After S. accelerated his heart rate to 100 and slowed it down to between 64 to 66, he described his strategy to Luria: "What do you find so strange about it? I simply see myself running after a train that has just begun to pull out. I have to catch up with the last car if I'm to make it. Is it any wonder then my heartbeat increases? After that, I saw myself lying in
bed, perfectly still, trying to fall asleep . . . I could see myself begin to drop off . . . my breathing became regular, my heart started to beat more slowly and evenly . . ." (p. 140).

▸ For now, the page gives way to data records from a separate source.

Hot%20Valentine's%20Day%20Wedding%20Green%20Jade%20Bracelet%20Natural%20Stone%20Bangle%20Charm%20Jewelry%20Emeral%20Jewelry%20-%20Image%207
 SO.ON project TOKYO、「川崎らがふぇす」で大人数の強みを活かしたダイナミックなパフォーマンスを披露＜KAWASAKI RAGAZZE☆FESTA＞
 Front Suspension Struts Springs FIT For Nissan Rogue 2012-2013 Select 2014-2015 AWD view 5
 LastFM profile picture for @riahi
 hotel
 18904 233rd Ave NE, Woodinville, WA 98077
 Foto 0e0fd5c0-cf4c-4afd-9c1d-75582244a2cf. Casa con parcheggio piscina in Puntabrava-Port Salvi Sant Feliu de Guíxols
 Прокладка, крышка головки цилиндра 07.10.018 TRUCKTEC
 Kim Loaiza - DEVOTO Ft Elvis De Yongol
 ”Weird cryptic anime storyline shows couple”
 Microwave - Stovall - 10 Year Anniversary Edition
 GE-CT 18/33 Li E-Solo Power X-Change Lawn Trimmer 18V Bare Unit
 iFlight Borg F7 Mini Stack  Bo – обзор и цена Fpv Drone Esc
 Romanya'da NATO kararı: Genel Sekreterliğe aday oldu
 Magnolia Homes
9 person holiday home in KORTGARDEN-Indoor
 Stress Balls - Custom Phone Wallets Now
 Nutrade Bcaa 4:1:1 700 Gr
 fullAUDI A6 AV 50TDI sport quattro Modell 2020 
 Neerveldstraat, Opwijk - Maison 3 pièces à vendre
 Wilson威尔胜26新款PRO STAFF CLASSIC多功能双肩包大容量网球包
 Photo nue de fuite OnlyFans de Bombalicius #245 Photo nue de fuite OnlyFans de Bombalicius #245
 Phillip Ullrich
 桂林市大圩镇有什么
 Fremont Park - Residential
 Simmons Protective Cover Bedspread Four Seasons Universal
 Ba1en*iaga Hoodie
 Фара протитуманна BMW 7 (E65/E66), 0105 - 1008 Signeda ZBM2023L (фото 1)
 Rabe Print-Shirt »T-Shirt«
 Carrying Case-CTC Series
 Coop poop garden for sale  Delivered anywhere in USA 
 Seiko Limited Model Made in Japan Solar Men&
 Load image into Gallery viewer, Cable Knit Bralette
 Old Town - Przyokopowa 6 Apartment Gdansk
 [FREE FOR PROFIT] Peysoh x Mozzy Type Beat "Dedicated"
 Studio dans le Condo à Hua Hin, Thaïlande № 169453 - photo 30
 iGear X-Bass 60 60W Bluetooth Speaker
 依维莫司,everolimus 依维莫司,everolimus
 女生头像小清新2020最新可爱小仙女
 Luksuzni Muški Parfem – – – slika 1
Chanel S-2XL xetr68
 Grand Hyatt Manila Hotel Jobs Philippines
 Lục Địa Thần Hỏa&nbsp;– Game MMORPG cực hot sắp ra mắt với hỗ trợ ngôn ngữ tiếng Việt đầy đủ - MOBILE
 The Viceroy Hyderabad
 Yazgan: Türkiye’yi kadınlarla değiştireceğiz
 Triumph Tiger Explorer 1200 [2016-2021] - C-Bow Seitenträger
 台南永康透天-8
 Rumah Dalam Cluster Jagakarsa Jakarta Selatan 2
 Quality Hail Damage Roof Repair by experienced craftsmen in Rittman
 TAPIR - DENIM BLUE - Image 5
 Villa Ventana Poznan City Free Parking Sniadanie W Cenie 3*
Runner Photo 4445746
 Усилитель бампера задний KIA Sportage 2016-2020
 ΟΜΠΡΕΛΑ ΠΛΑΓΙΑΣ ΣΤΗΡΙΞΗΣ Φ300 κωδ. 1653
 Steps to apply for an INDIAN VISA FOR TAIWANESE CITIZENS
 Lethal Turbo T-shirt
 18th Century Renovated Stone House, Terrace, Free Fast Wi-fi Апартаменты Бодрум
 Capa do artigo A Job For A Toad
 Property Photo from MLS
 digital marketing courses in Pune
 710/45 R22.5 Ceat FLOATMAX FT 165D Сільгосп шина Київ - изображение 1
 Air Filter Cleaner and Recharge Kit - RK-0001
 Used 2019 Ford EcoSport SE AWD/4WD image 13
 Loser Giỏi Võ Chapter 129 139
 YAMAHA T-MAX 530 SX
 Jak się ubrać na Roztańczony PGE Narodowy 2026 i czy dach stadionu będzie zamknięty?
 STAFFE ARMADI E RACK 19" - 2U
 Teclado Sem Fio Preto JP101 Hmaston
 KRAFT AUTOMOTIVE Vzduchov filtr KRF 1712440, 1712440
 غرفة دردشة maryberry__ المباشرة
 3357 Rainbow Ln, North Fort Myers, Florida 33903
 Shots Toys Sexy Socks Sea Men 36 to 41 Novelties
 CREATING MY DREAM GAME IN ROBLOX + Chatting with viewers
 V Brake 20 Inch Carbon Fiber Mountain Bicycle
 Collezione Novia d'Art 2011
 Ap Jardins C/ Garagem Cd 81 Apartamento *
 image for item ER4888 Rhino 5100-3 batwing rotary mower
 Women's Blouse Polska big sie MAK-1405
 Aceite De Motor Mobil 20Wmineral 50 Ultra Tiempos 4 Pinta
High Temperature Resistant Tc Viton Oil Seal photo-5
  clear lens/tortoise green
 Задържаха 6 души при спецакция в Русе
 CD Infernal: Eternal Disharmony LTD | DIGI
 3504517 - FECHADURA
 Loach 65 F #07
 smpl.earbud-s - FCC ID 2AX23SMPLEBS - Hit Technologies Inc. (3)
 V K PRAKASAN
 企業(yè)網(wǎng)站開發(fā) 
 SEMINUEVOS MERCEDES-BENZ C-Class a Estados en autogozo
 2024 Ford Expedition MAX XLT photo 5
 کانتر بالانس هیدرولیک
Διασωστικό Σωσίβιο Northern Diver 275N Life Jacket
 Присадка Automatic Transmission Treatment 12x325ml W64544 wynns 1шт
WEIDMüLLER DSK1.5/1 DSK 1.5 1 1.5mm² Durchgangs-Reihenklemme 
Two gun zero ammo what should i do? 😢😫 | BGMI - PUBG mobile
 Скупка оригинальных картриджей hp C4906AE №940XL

Treatment Protocols Should Incorporate Current Research Findings
The clinical literature should guide your conceptualization of a disorder and treatment design. This can be frustrating for a
clinician when research findings contradict the conventional wisdom about a
disorder. Evidence-Based Practice in Biofeedback and
Neurofeedback (4th ed.) published by the Association for Applied Psychophysiology
and Biofeedback, summarizes clinical efficacy studies for diverse biofeedback/neurofeedback applications and
should often be consulted first when designing treatment plans.
The discredited sympathetic arousal model of Raynaud's disease
provides an excellent example. The sympathetic arousal model asserts that
stressors are potent
triggers for Raynaud's attacks and that interventions that lower
sympathetic arousal will reduce symptom severity. Therapists who
subscribe to this model usually provide biofeedback to lower sympathetic
tone and teach stress management skills.
Research by Freedman and colleagues has challenged the sympathetic
arousal model's assumptions. Raynaud's disease appears to be due to a
"local fault" in peripheral blood vessels. Cold and cold-related stimuli
are more likely to trigger hand-cooling than stressors. Temperature
biofeedback does not prevent attacks by reducing sympathetic arousal.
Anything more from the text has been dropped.